Scientific classification
- Kingdom: Animalia
- Phylum: Chordata
- Class: Actinopterygii
- Order: Cichliformes
- Family: Cichlidae
- Genus: Herichthys
- Species: H. pantostictus
- Binomial name: Herichthys pantostictus (J. N. Taylor & R. R. Miller, 1983)
- Synonyms: Cichlasoma pantostictus Taylor & Miller, 1983 ; Nosferatu pantostictus (Taylor & Miller, 1983) ; Herichthys molango De la Maza-Benignos & Lozano-Vilano, 2013 ; Herichthys pratinus De la Maza-Benignos & Lozano-Vilano, 2013;

= Herichthys pantostictus =

- Authority: (J. N. Taylor & R. R. Miller, 1983)
- Conservation status: LC

Species of fish

Herichthys pantostictus, the Chairel cichlid or Atezca cichlid, is a species of cichlid native to the Panuco River drainage of Mexico's Atlantic coast where it is mostly found in moderately fast flowing rivers, slightly brackish, murky lakes and lagoons along the coast.

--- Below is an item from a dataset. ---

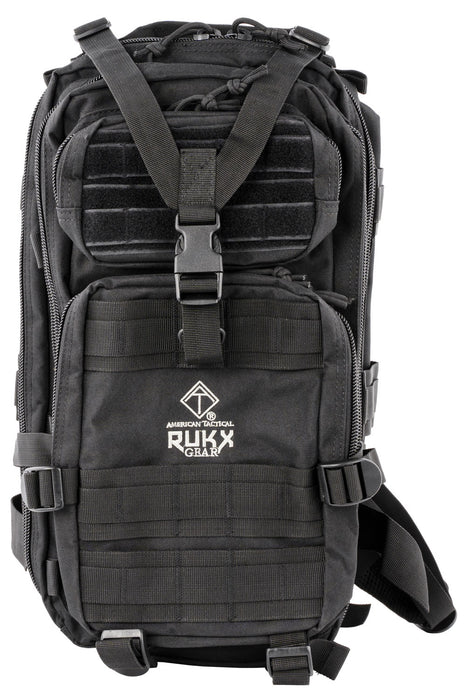 Rukx Gear ATICT1DB Tactical 1 Day Water Resistant Black 600D Polyester with Molle Webbing, Non-Rust Zippers, Hook & Loop Panel, 5 Storage Areas 18" x 11" x 11"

A lacustrine form, formerly described as Herichthys molango and endemic to "Laguna Atezca" in the municipality of Molango, has now been extirpated by introduced species. The species reaches a maximum size of 12.6 cm SL though most do not exceed 5.6 cm, and can also be found in the aquarium trade.